Assessing the efficacy of EdTech
Meanwhile, school leaders turn to publisher research findings to assess the efficacy of EdTech (43 per cent of primary and 46 per cent of secondary schools) – when they don’t rely on local teachers.

This is an opportunity for EdTech providers. It gives them the space to conduct their own efficacy research and prove to schools that their products and solutions have impact. As Tracy Goodway, head of school improvement at EES for Schools, said on London EdTech Week panel, evidence-based decisions are at the heart of what the education sector needs.

Naimish Gohil, founder and CEO of Show My Homework, added that EdTech companies need to be honest if they are to truly demonstrate evidence of efficacy. Their aim should not be to solve all of a teacher’s problems, he said, but to solve one of them. By being specific, the companies are better placed to answer a teacher’s issues, and ultimately support them to use the EdTech products and solutions effectively.

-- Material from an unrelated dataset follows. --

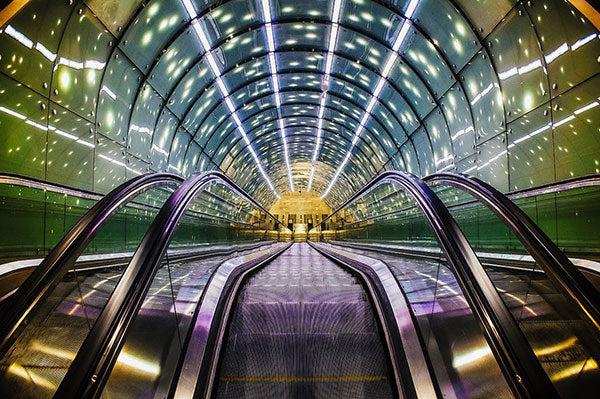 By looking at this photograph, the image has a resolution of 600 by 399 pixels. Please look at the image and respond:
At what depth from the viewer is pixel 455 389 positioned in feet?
8.23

However, proving that EdTech works can be challenging. Andrea Carr, managing director of Rising Stars, explained the difficulty of running randomised trials, especially for small companies. Ensuring the efficacy of assessments, for example, can take years, she said. This means that gathering an evidence base to share with schools is both prohibitively costly and time-consuming to companies.

Carr mentioned Nesta’s experimental testing and UCL Institute of Education’s EDUCATE project as two encouraging initiatives to help start-ups and SMEs prove the efficacy of EdTech products. By bringing together teachers, learners, EdTech companies and researchers, the EDUCATE project – launched in early June 2017 – will contribute to a more evidence-based EdTech environment. According to Vini Bance, CEO and founder of Worktu, this collaboration is crucial to the future of EdTech.

The role of government
But supporting the EdTech ecosystem overall will not be enough if nothing changes on the other side of the equation. Carr highlighted the role that the Department for Education (DfE) can play to help EdTech companies understand what products and solutions will best drive school improvement.
For example, the DfE could look into schools’ improvement plans and identify the top five issues that most schools are struggling with, and which solutions they are open to. With this information, EdTech suppliers would know what to focus on to bring added value to schools.

Monitoring schools’ improvement plans would also help understand which software work, which make a difference, and therefore which to roll out across the country. As Ms Goodway noted, such a centralised initiative would reduce the amount of duplicated work for multiple stakeholders.

Bringing these ideas to life would make evidence-based product design inherent to the production of EdTech. That means it would become easier to assess and prove EdTech efficacy, and schools would invest in the best EdTech systems and solutions with more confidence. From BESA’s research, however, if they chose to provide such an advisory role, the DfE has a considerable challenge ahead in convincing schools that they are best placed to offer such advice.